Preuve en est dans l’analyse, Genève qui figure parmi les cinq plus gros marchés de l’immobilier de bureau suisse, affiche fin 2021 seulement 249'000 m2 de surfaces disponibles. Une offre légèrement plus haute que l’année précédente mais qui reste relativement stable avec un taux de 6,2%. Une augmentation de la vacance qui ne s’observe d’ailleurs qu’en périphérie de Genève. A titre d’exemple, le marché de l’Aéroport est passé d’un taux d’offre de 13% en 2020 à 15,3% (+16'000 m2) l’an dernier et sur Plan-les- Ouates de 11,1% à 11,7% (+4500m2). De son côté, le centre-ville fait face encore et toujours à une offre limitée de bureaux disponibles et une demande très importante. Plusieurs transactions ont pu se concrétiser cette année à l’image de l’immeuble «Hôtel de Banques», disponible au premier avril 2022, dont un quart est déjà occupé. En ce qui concerne les surfaces de la rue du Rhône qui ont été louées en maintenant le niveau de loyer «prime», à 850 francs du m2 par an, les surfaces sont là encore très disputées. Même constat dans le quartier des Eaux-Vives/Champel où le taux de vacance s’est vu abaissé de 2,7 à 2,3% en un an grâce à la reprise de bail d’un immeuble d’environ 8000 m2 par une entité active dans le secteur médical. Force est de constater que malgré la crise, Genève a su conserver toute son attractivité, et ce, également auprès des entreprises étrangères telles que Bank of China qui a marqué l’année par son retour, neuf ans après avoir quitté ses bureaux genevois. De quoi envoyer un signal fort et positif pour le marché. Néanmoins, l’étude JLL l’affirme, l’immobilier de bureau va se tourner de plus en plus vers une alternance entre virtuel et présentiel, en faisant travailler les collaborateurs à distance à raison de deux jours par semaine en moyenne. «Les entreprises leaders exploitent le travail hybride comme opportunité d’adapter leur stratégie. Il faut d’abord comprendre quels objectifs on veut atteindre pour en- suite créer son propre concept de postes de travail car la solution universelle n’existe pas», décrit JLL. Il s’agit alors pour chaque société de définir quelles activités doivent être effectuées au bureau en fonction de trois éléments que JLL précise: les aspects de créativité, de liens émotionnels et de rentabilité.

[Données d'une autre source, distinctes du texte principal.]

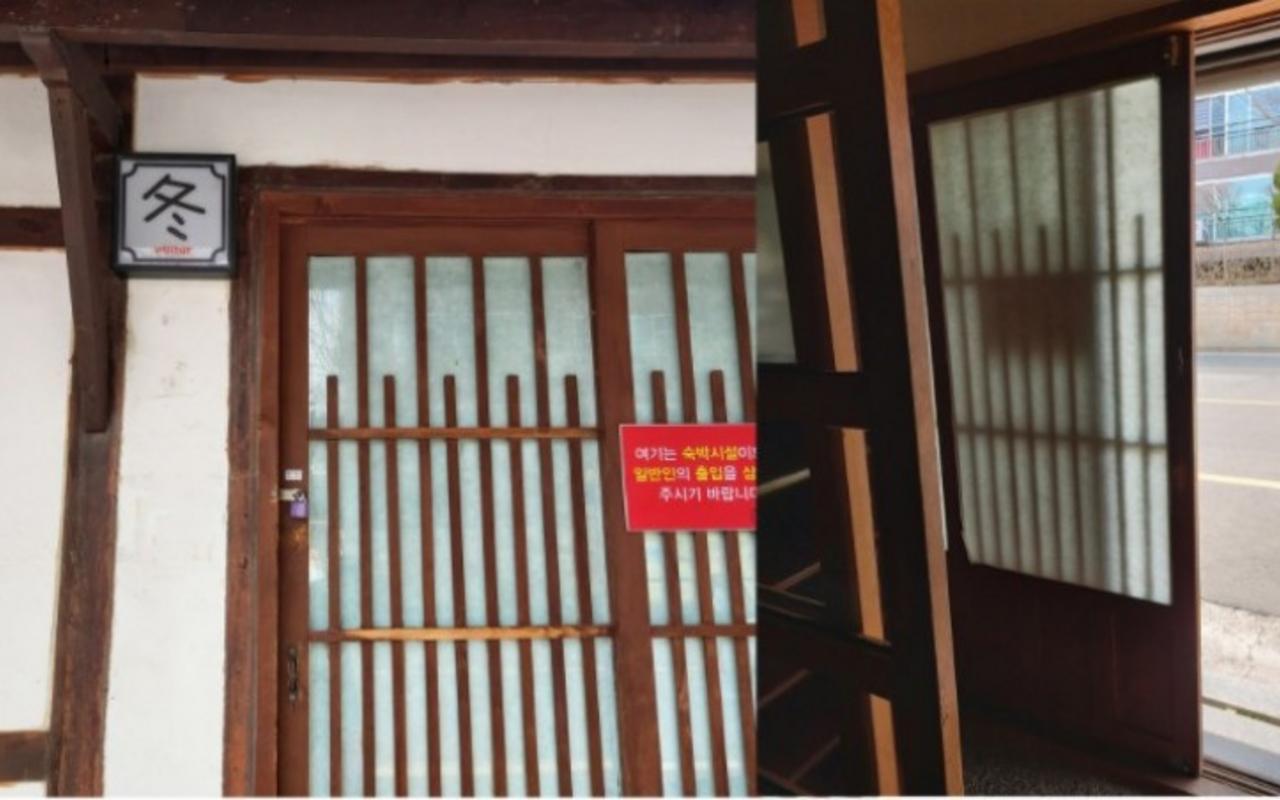 한자 겨울 동 자가 적힌 문패와 안내문이 붙은 전통 목재 미닫이문 입구입니다.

Pour commencer, «la numérisation croissante permet d’automatiser les tâches répétitives mais pas de nous remplacer en termes de créativité. Or, le cerveau humain ne développe pas de nouvelles idées tout seul au sein d’un bureau individuel mais collectivement. Cependant, il doit aussi trouver le temps de développer ces informations en toute tranquillité. On devrait donc assister dans les années à venir à une désindustrialisation au sein des bureaux, favorisant la collaboration, les échanges, et la communication ouverte avec en complément une dose de travail à distance», indique le rapport JLL.

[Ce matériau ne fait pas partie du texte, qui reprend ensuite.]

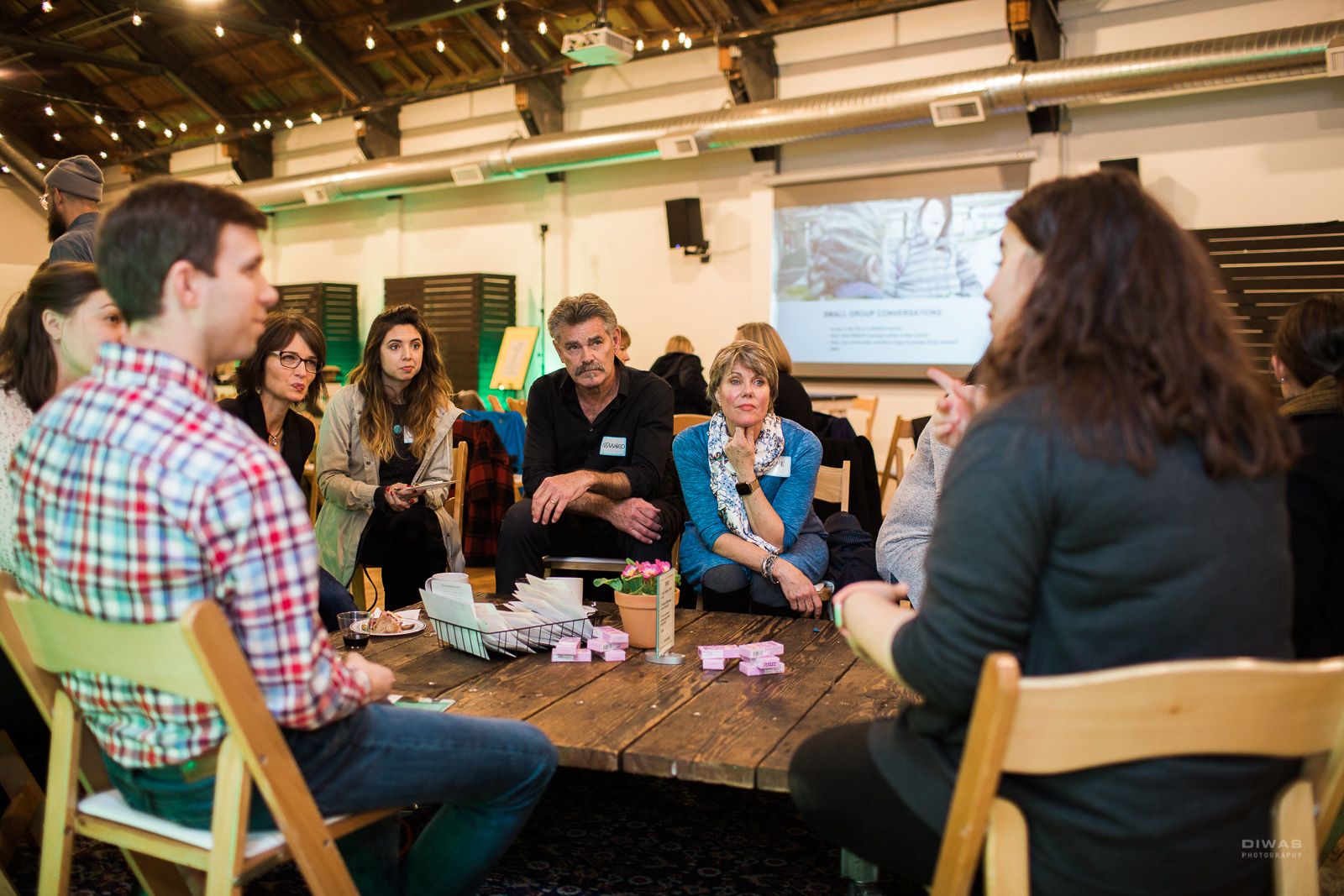 A group of light-skinned people, both from Metropolist and Evergreen Treatment Services, gathered around a table focused on one person as they speak.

Beaucoup d'entreprises revoient leur concept de place de travail
A chacun son concept
Le cabinet conseille également d’envisager son espace selon sa stratégie de recrutement, «les talents cherchant aujourd’hui un lieu d’épanouissement et de flexibilité au sein de leur emploi, les locaux de l’entreprise doivent s’organiser pour instaurer la bonne atmosphère.» Pour cela, le concept de places de travail régénératives est mis en avant. JLL ayant prouvé lors d’une étude précédente que travailler depuis chez soi durant la pandémie avait permis aux gens de se ressourcer physiquement et mentalement, «il sera crucial, en période post-covid, de transposer ces éléments positifs au bureau». Enfin, la rentabilité étant le nerf de la guerre, cela vaut aussi pour les places de travail hybrides et l’usage des locaux. JLL recommande à nouveau de développer son propre concept en examinant chacune des fonctions de l’environne- ment qui y participe, la cafétéria, la salle de pause, les salles de réunion hybrides, les studios agiles etc. Une fois tout cela défini, l’employeur pourra dès lors sauter le pas du travail hybride en toute quiétude et n’aura plus qu’à gérer la transition.